**TASK INSTRUCTIONS**: As written and without pictures, set down the lines from the one that contains "성수동 핫플 에스팩토리갔는데 더 핫한 비비즈 멤버 지지(zizi)님을?" through the end of the data.

----

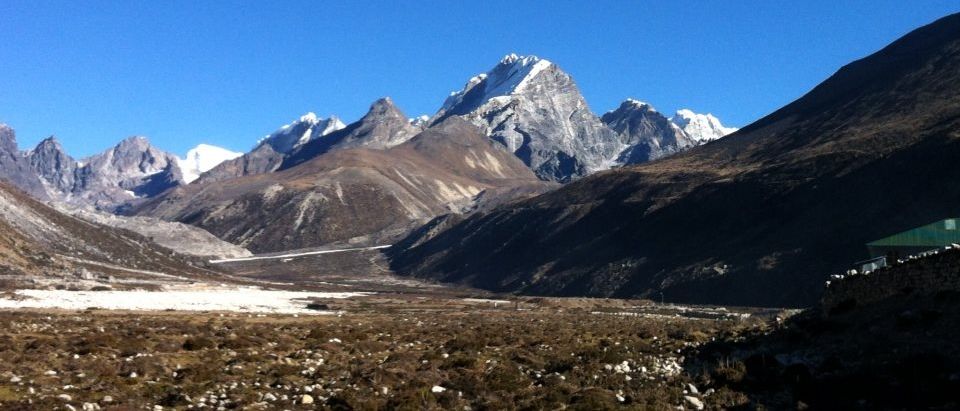 Pheriche on route to Lobuje and Kallar Pattar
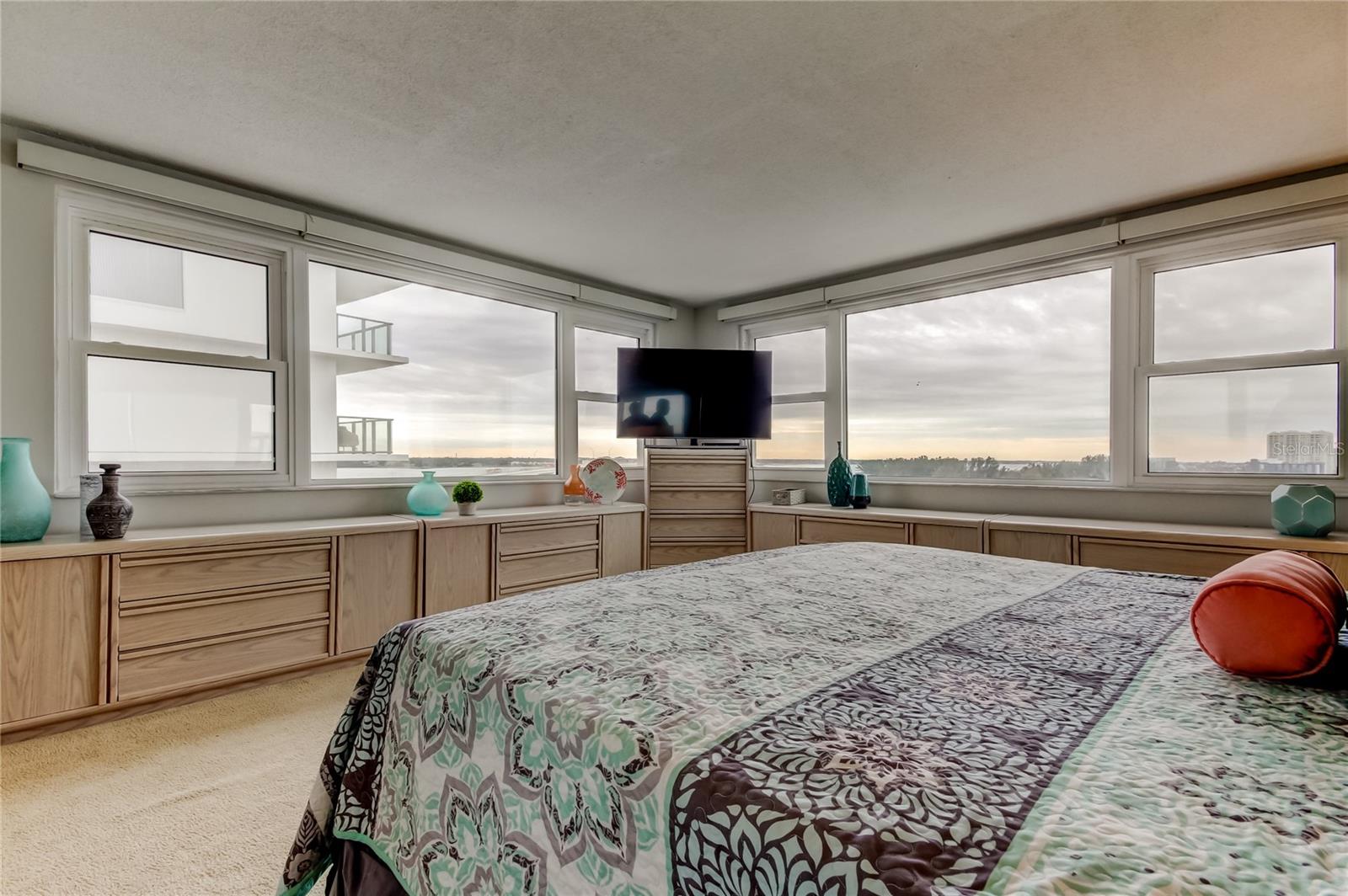 675 S GULFVIEW BLVD #1001, CLEARWATER BEACH, FL, 33767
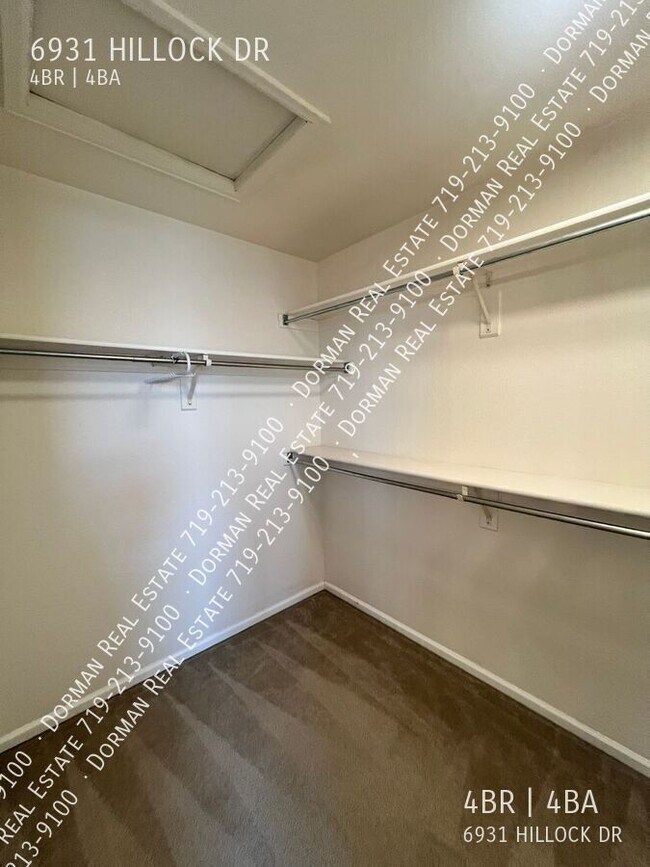 Building Photo - 6931 Hillock Dr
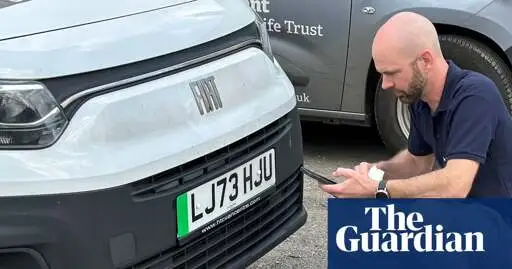 ‘Alarming’ bug splat decline on UK cars raises fears for flying insect numbers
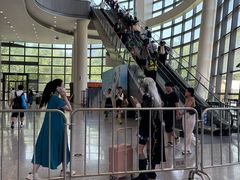 -上海跨国采购会展中心
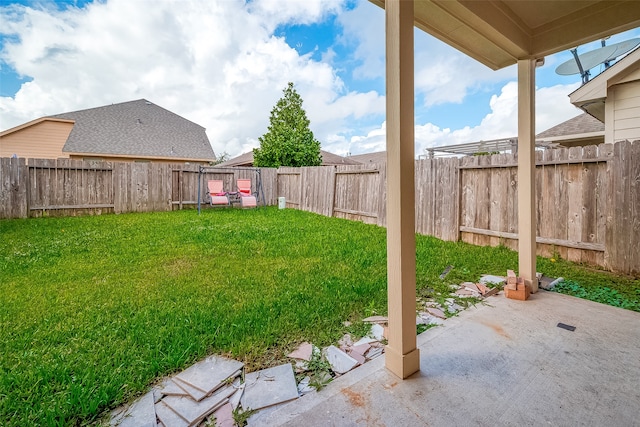 view of yard featuring a patio area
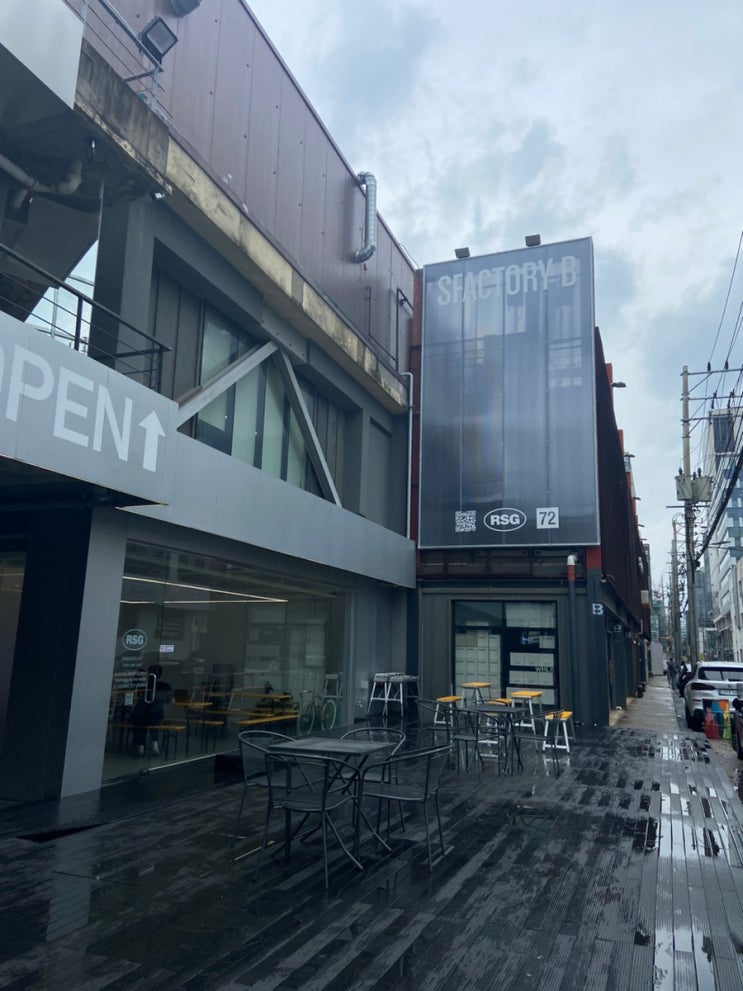  성수동 핫플 에스팩토리갔는데 더 핫한 비비즈 멤버 지지(zizi)님을?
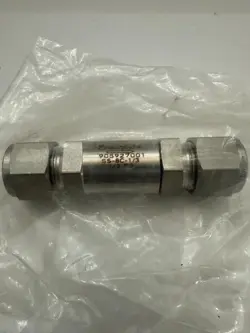 1PCS NEW SWAGELOK SS-8C-1/3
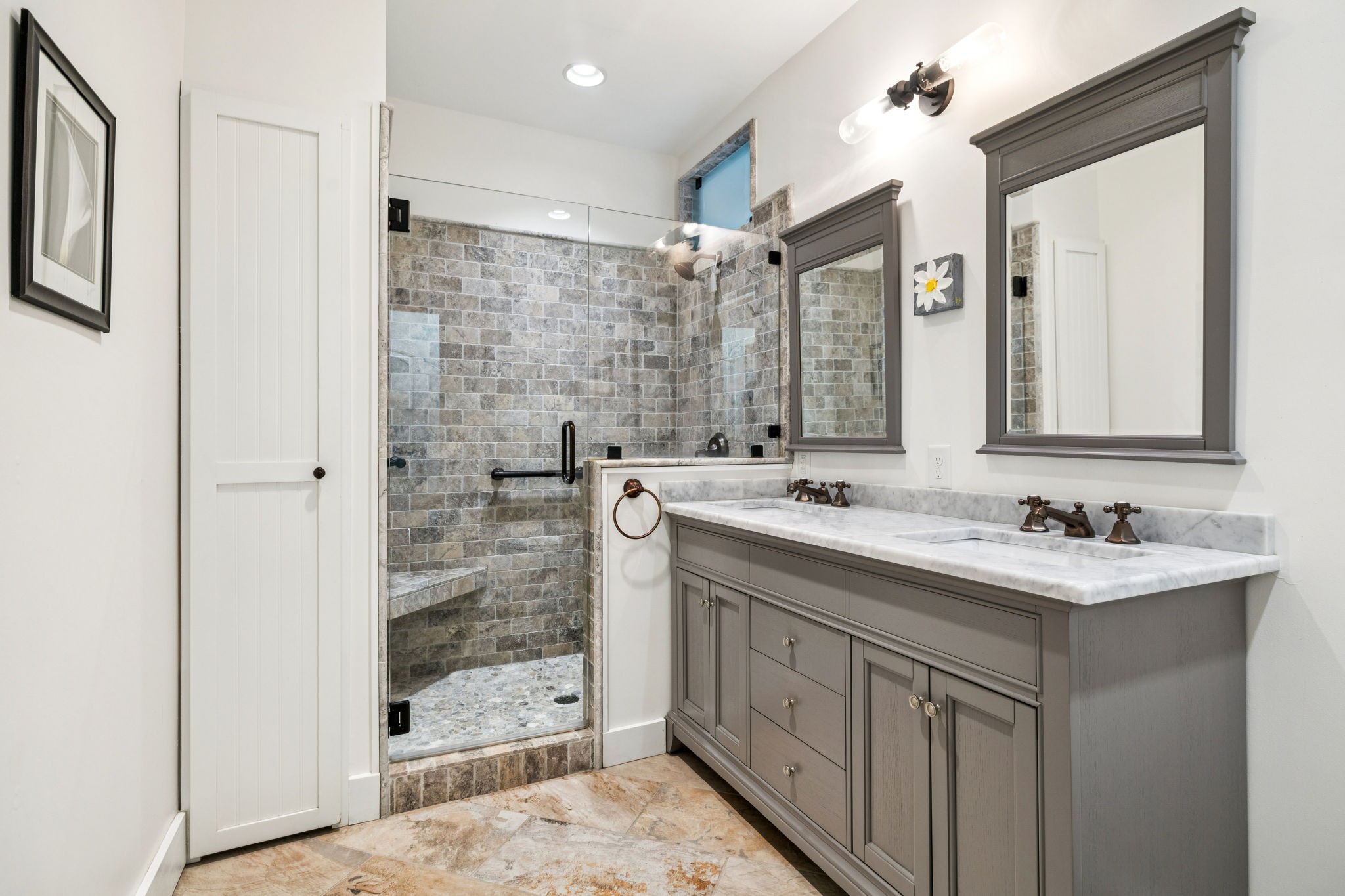 2060 Old Hillsboro Rd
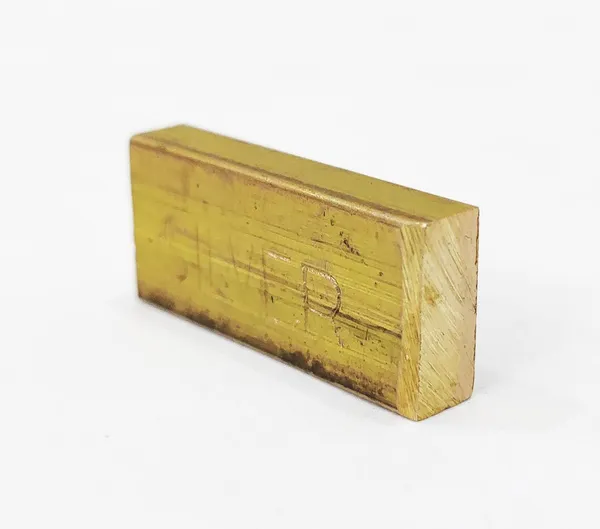 Gold_1_Piece_Brass_Brick_Eent_For_New_Home_Neev_Keeping_(20_Gram_Pure_Brass)
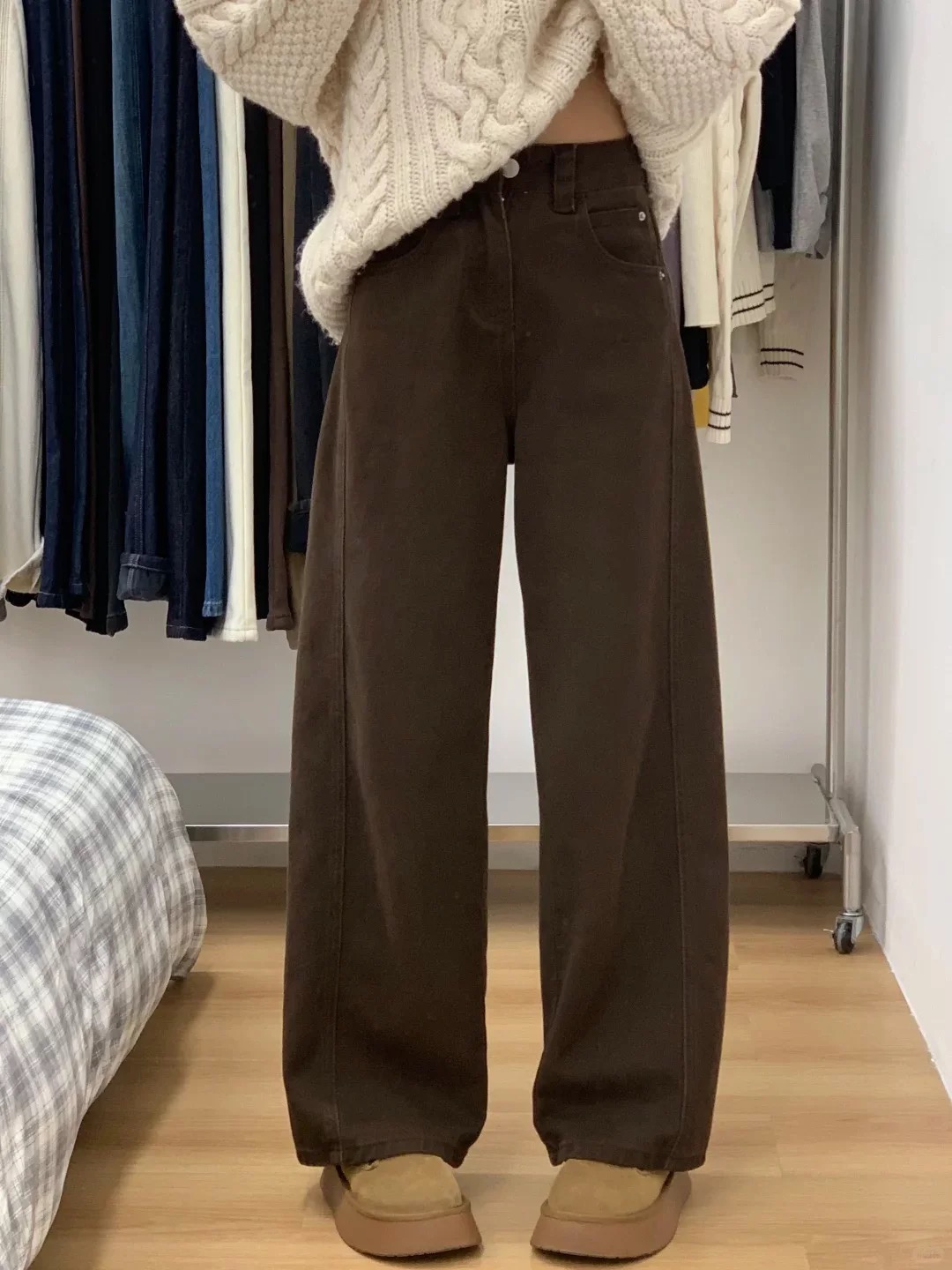 2025秋冬加绒新款美式复古直筒阔腿裤女高腰显瘦百搭牛仔裤W26009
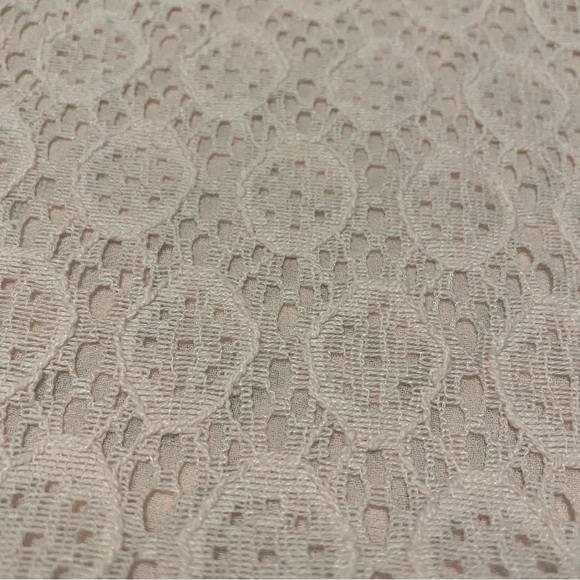 Banana‎ Republic Ivory Lace Sleeveless Tank Sz M - Picture 3 of 4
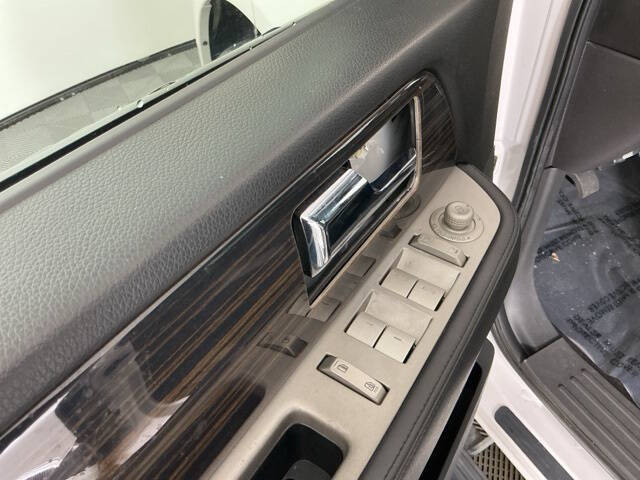 2010 Lincoln Navigator L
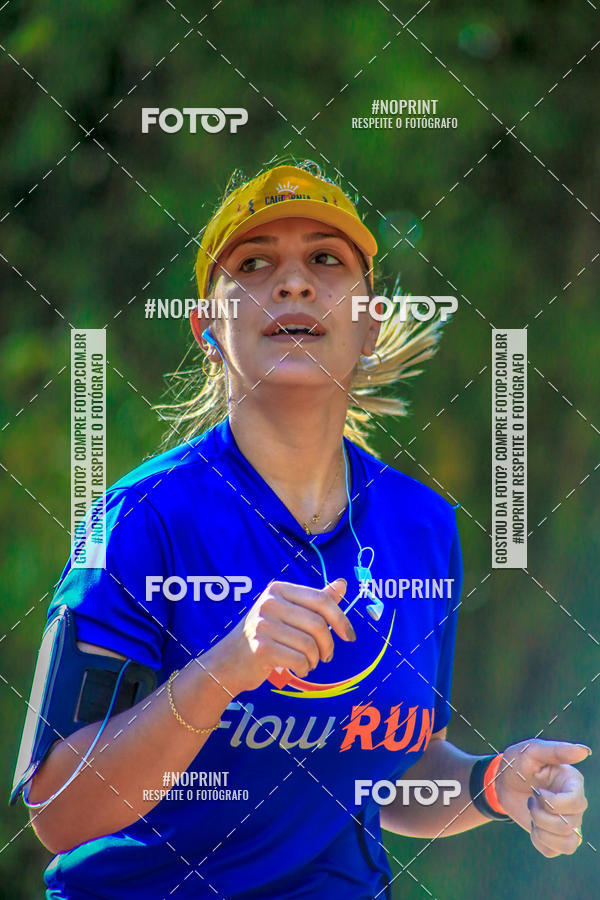 Buy your photos of the eventFLOW RUN on Fotop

----

**WRITTEN SOLUTION**:
  성수동 핫플 에스팩토리갔는데 더 핫한 비비즈 멤버 지지(zizi)님을?
 1PCS NEW SWAGELOK SS-8C-1/3
 2060 Old Hillsboro Rd
 Gold_1_Piece_Brass_Brick_Eent_For_New_Home_Neev_Keeping_(20_Gram_Pure_Brass)
 2025秋冬加绒新款美式复古直筒阔腿裤女高腰显瘦百搭牛仔裤W26009
 Banana‎ Republic Ivory Lace Sleeveless Tank Sz M - Picture 3 of 4
 2010 Lincoln Navigator L
 Buy your photos of the eventFLOW RUN on Fotop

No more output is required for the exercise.